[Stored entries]
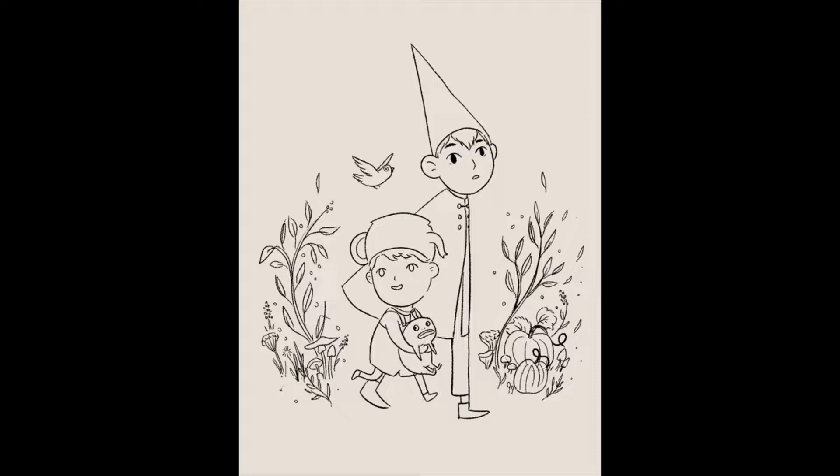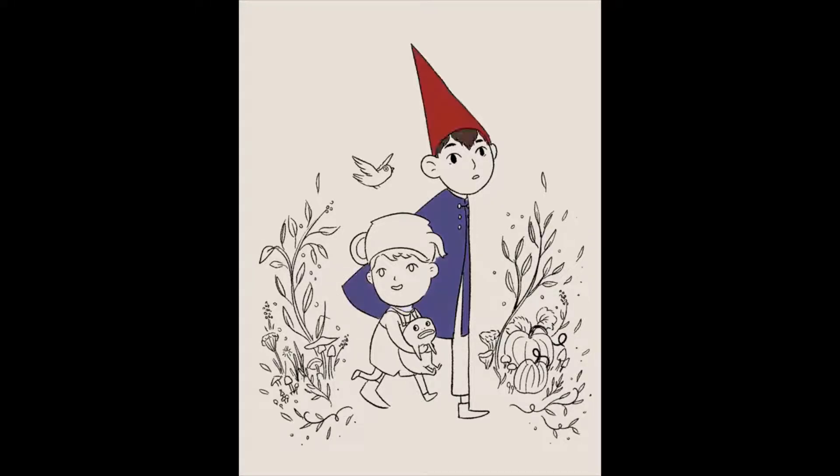I like to sketch everything out roughly to begin with and I generally don't plan fan arts more than just a scrappy sketch or two, as I like to just see what happens with them.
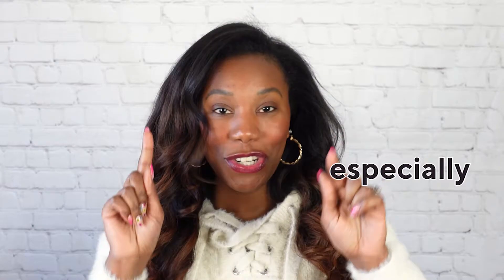Hey there, welcome on into another episode of V Beautiful. I'm Vanessa. If you are new here, thank you so much for checking out this video. And if you are a subscriber, I so appreciate you being a part of this beauty community. We are talking about one of my very favorite ways to shop for beauty, especially if I am trying out a new brand or a new product for the very first time. And that is by buying the mini version, the baby.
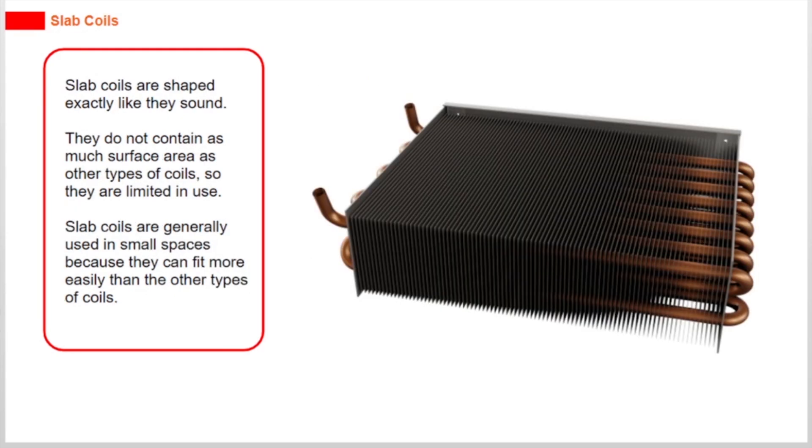Slab coils are shaped exactly like they sound. They do not contain as much surface area as other types of coils, so they are limited in use. Slab coils are generally used in small spaces because they can fit more easily than the other types of coils.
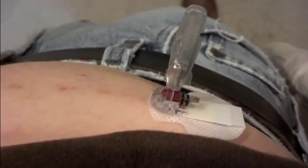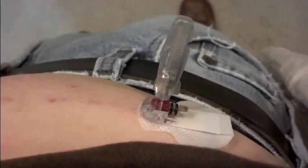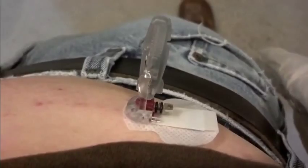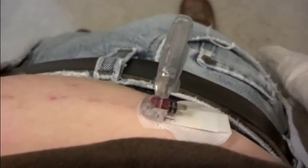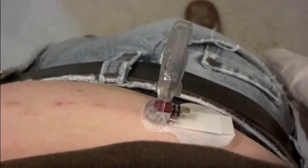I'm trying to pull this thing out and it's not coming out. My next step is going to be to just rip the thing out with the needle in place. That's not going to feel very good, I'm sure.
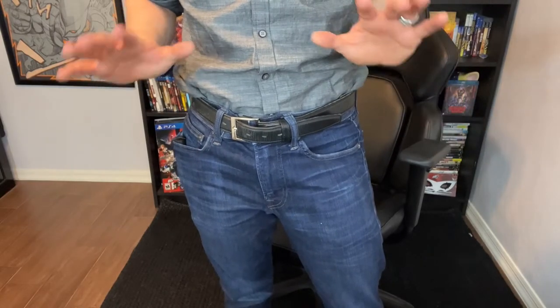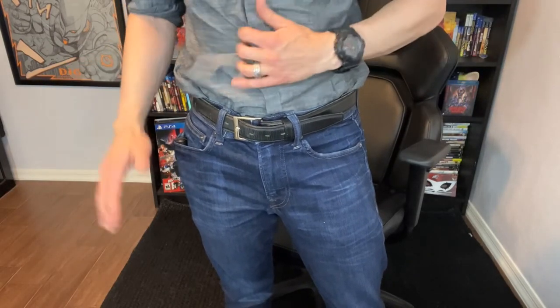Now if you actually need to draw, just like your normal draw stroke, you grab the shirt, pull it up, and the gun comes out.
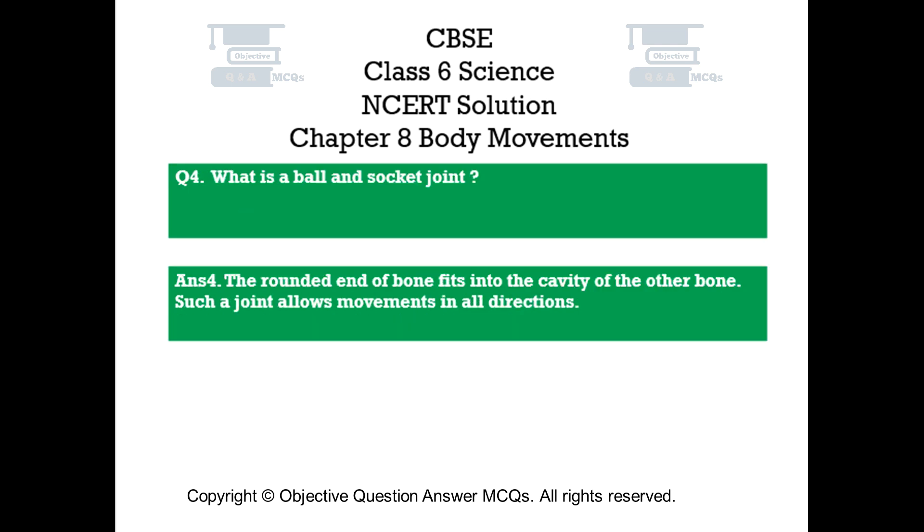Question number 4. What is a ball and socket joint? Answer number 4. The rounded end of a bone fits into the cavity of the other bone. Such a joint allows movements in all directions.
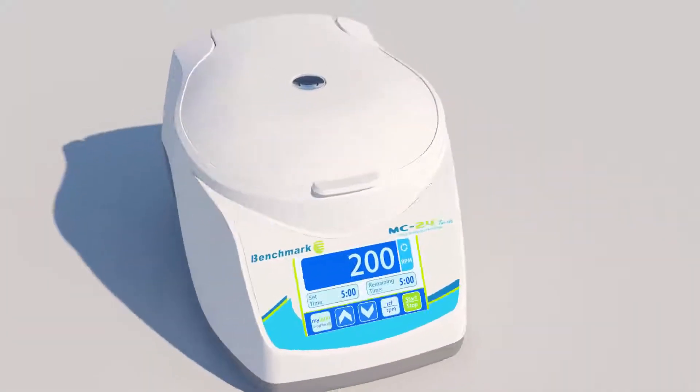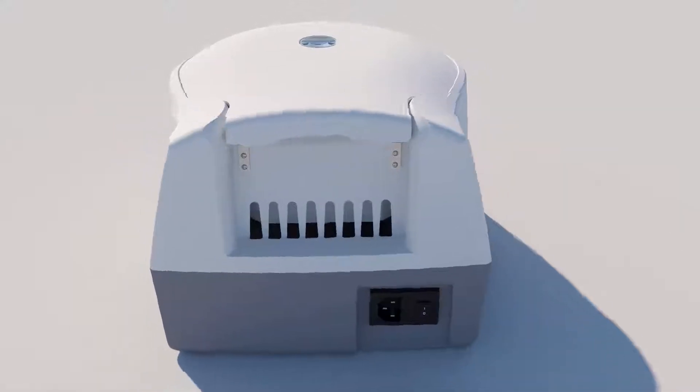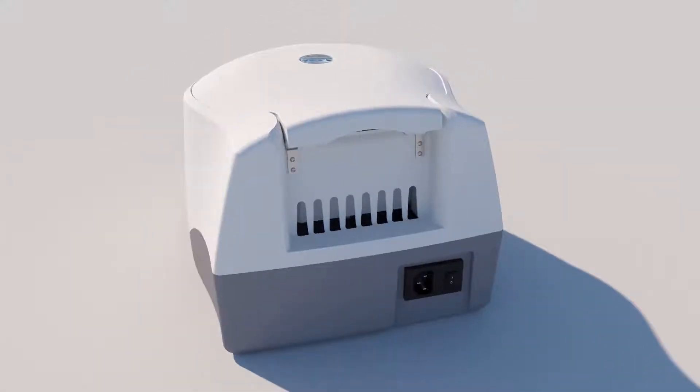Benchmark's MC24 Touch is a compact, air-cooled microcentrifuge designed for molecular biological applications.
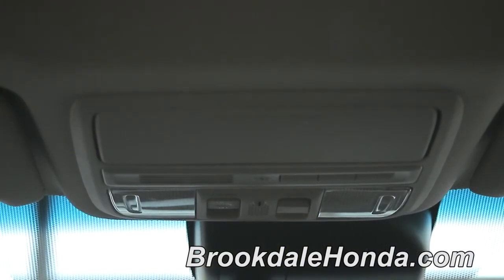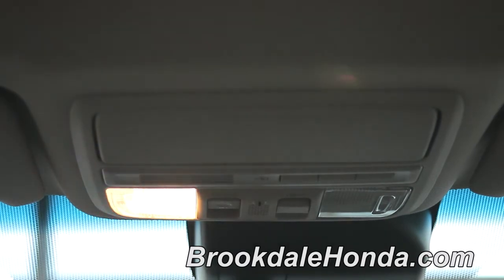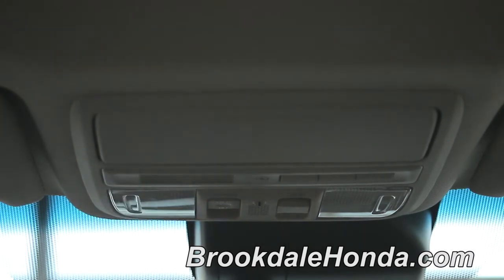To operate the interior lights on the 2013 Honda Accord, the driver and passenger each have their own light. You just press it up and release — that'll turn on the light. Same to turn it off: press up and release.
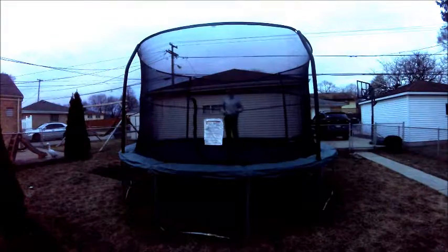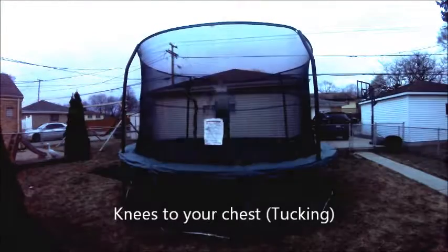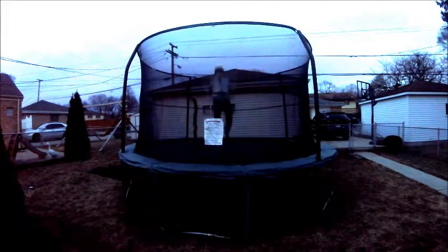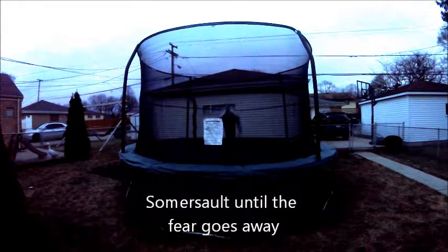Today, I'm going to teach you how to tuck. Tucking is bringing your knees to the chest. First, we're going to learn how to do a somersault.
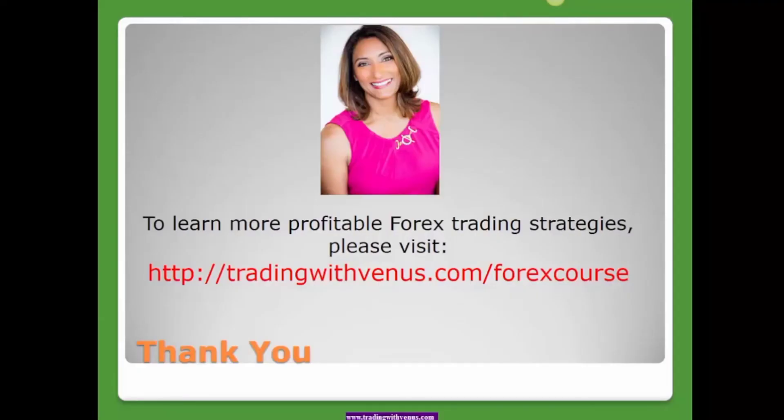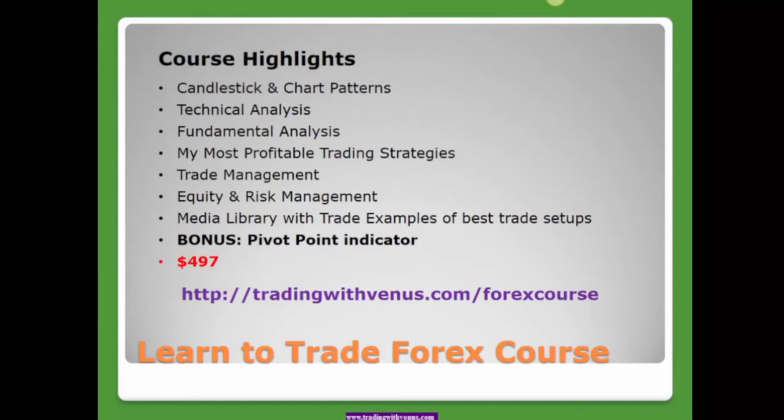If you'd like to learn more profitable forex trading strategies like this one, I invite you to visit my course at tradingwithvenus.com/forexcourse. In the course I will show you how to read candlesticks and different chart patterns, do a deep dive into technical analysis, show you how to read the charts properly, what trade setups to look for, and how to trade them. I'll also cover the important fundamental factors that drive market price, share the trading strategies I personally use that I've found most profitable, and we'll talk about trade management and risk management so that you become a profitable trader. I'll also show you tons of examples from the live markets.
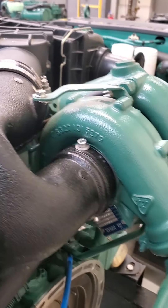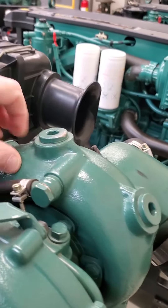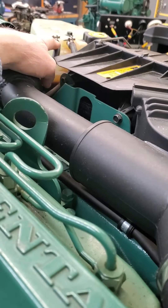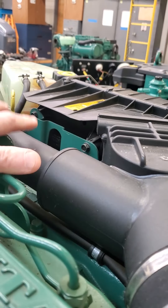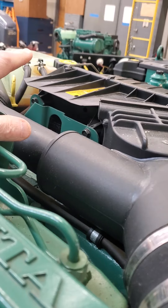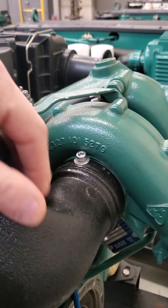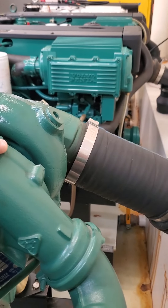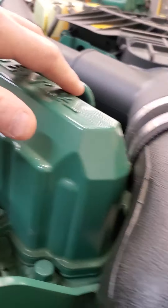Your turbocharger is in the back — it's a regular antifreeze-cooled turbocharger. You have an air bleed here that runs up to the coolant system, and two air bleeds on the reservoir for your antifreeze that allow air to escape and go back to the reservoir when you're filling it up. From the turbocharger, the air comes out going into your after-cooler, which then goes into the intake manifold.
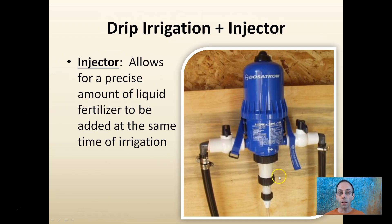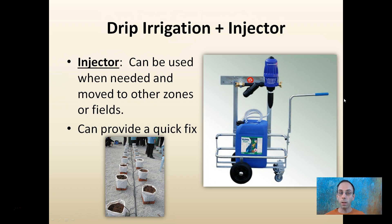The injector allows for a precise amount of liquid fertilizer to be added at the same time as irrigation. If you're going to irrigate anyway, you might as well have the option to add fertilizer. Dosatron is a name brand used a lot in greenhouses — you may have heard that term. I use Mini-Dose; there's also Dosmatic and other types. The injector can be used as needed and moved to other zones in the field on a cart, providing a quick fix for potted plants or row crops — a good way to supplement fertilizer during routine irrigation.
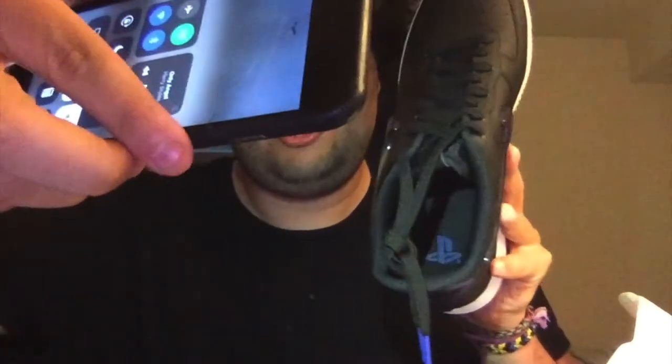Let me grab the second shoe to check the other details. So there's the PlayStation logo — it goes square, triangle, and all the symbols. Inside the shoe you have the PlayStation logo, and on the other shoe it just says Air Force One with the Nike swoosh. Same thing on both.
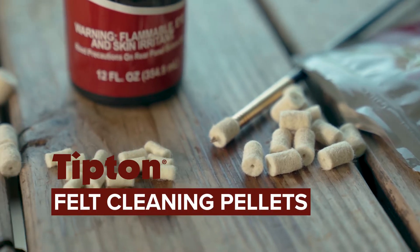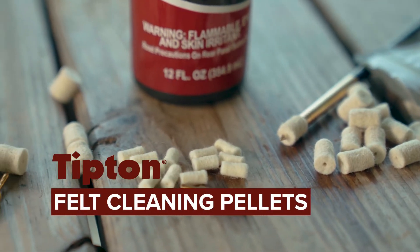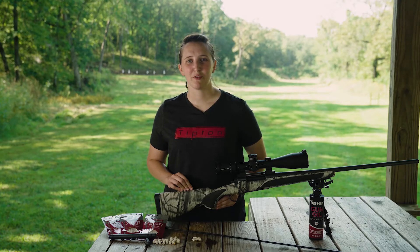Introducing Tipton's new felt cleaning pellets. Manufactured from heavy compressed felt, these pellets are great for removing dirt and grime from the inside of your barrel with ease.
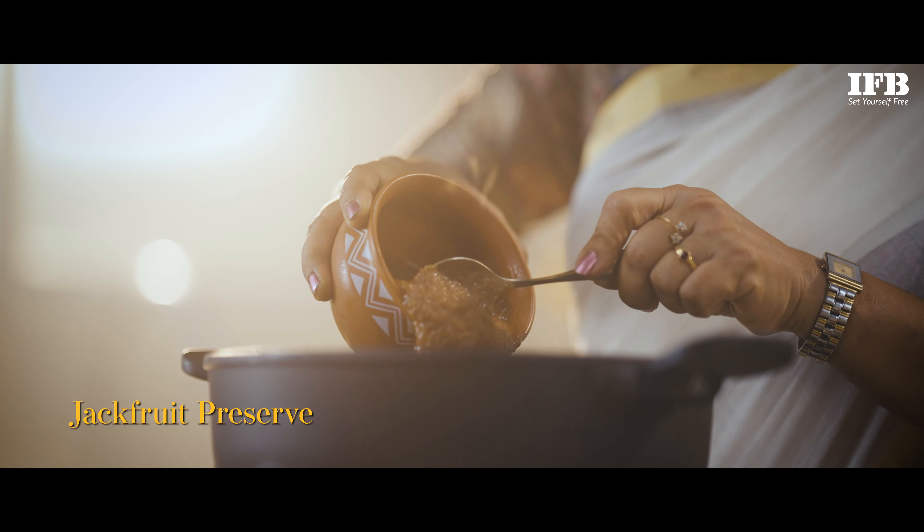Now we'll add the main ingredient — the Jackfruit Preserve, the Chakka Veritiva. Continue cooking to allow this mixture to thicken.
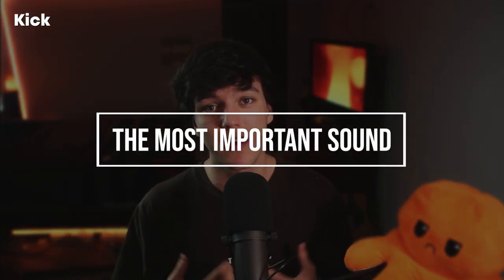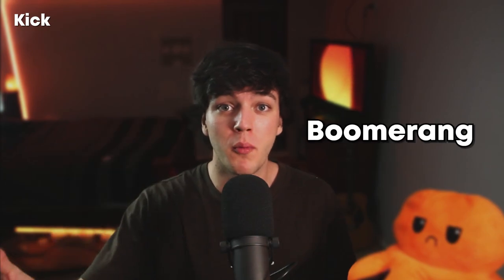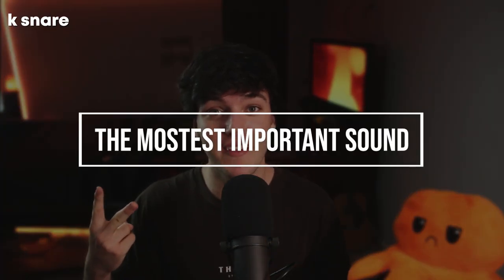The first sound you're going to learn is the kick. Make this sound by saying any word with the letter B — beatbox, balls, boomerang. You want to focus on removing your voice from the sound and focusing all the pressure from the letter B into the front of your lips. This will create the sound.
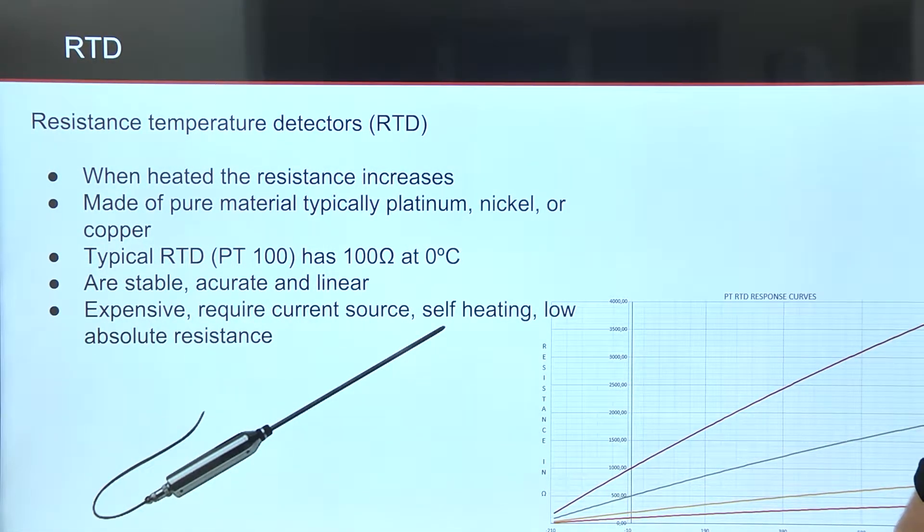A typical RTD is the PT100, which means a platinum RTD with 100 ohm resistance at 0 degrees Celsius. RTDs are stable, accurate, and linear, but they are also expensive, require a current source, are subject to self-heating, and have low absolute resistance.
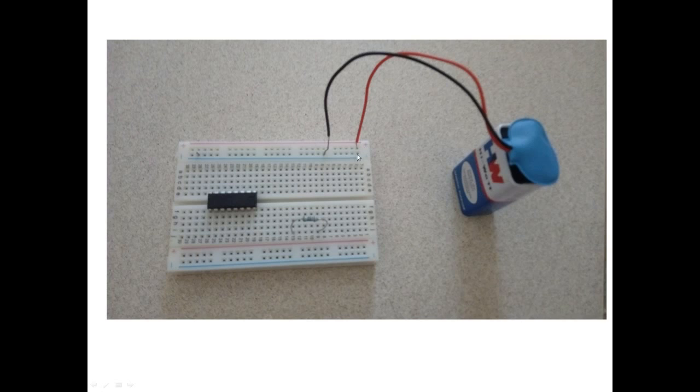Similarly, I have shown how you can connect a resistor or any other component to a breadboard.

WHAT THIS TASK INVOLVES
Produce a word-for-word copy of the records, omitting all images.

RESPONSE BOX
I like to sketch everything out roughly to begin with and I generally don't plan fan arts more than just a scrappy sketch or two, as I like to just see what happens with them.
Hey there, welcome on into another episode of V Beautiful. I'm Vanessa. If you are new here, thank you so much for checking out this video. And if you are a subscriber, I so appreciate you being a part of this beauty community. We are talking about one of my very favorite ways to shop for beauty, especially if I am trying out a new brand or a new product for the very first time. And that is by buying the mini version, the baby.
Slab coils are shaped exactly like they sound. They do not contain as much surface area as other types of coils, so they are limited in use. Slab coils are generally used in small spaces because they can fit more easily than the other types of coils.
I'm trying to pull this thing out and it's not coming out. My next step is going to be to just rip the thing out with the needle in place. That's not going to feel very good, I'm sure.
Now if you actually need to draw, just like your normal draw stroke, you grab the shirt, pull it up, and the gun comes out.
Question number 4. What is a ball and socket joint? Answer number 4. The rounded end of a bone fits into the cavity of the other bone. Such a joint allows movements in all directions.
Benchmark's MC24 Touch is a compact, air-cooled microcentrifuge designed for molecular biological applications.
To operate the interior lights on the 2013 Honda Accord, the driver and passenger each have their own light. You just press it up and release — that'll turn on the light. Same to turn it off: press up and release.
Today, I'm going to teach you how to tuck. Tucking is bringing your knees to the chest. First, we're going to learn how to do a somersault.
If you'd like to learn more profitable forex trading strategies like this one, I invite you to visit my course at tradingwithvenus.com/forexcourse. In the course I will show you how to read candlesticks and different chart patterns, do a deep dive into technical analysis, show you how to read the charts properly, what trade setups to look for, and how to trade them. I'll also cover the important fundamental factors that drive market price, share the trading strategies I personally use that I've found most profitable, and we'll talk about trade management and risk management so that you become a profitable trader. I'll also show you tons of examples from the live markets.
Your turbocharger is in the back — it's a regular antifreeze-cooled turbocharger. You have an air bleed here that runs up to the coolant system, and two air bleeds on the reservoir for your antifreeze that allow air to escape and go back to the reservoir when you're filling it up. From the turbocharger, the air comes out going into your after-cooler, which then goes into the intake manifold.
The injector allows for a precise amount of liquid fertilizer to be added at the same time as irrigation. If you're going to irrigate anyway, you might as well have the option to add fertilizer. Dosatron is a name brand used a lot in greenhouses — you may have heard that term. I use Mini-Dose; there's also Dosmatic and other types. The injector can be used as needed and moved to other zones in the field on a cart, providing a quick fix for potted plants or row crops — a good way to supplement fertilizer during routine irrigation.
Let me grab the second shoe to check the other details. So there's the PlayStation logo — it goes square, triangle, and all the symbols. Inside the shoe you have the PlayStation logo, and on the other shoe it just says Air Force One with the Nike swoosh. Same thing on both.
Introducing Tipton's new felt cleaning pellets. Manufactured from heavy compressed felt, these pellets are great for removing dirt and grime from the inside of your barrel with ease.
Now we'll add the main ingredient — the Jackfruit Preserve, the Chakka Veritiva. Continue cooking to allow this mixture to thicken.
The first sound you're going to learn is the kick. Make this sound by saying any word with the letter B — beatbox, balls, boomerang. You want to focus on removing your voice from the sound and focusing all the pressure from the letter B into the front of your lips. This will create the sound.
A typical RTD is the PT100, which means a platinum RTD with 100 ohm resistance at 0 degrees Celsius. RTDs are stable, accurate, and linear, but they are also expensive, require a current source, are subject to self-heating, and have low absolute resistance.
Similarly, I have shown how you can connect a resistor or any other component to a breadboard.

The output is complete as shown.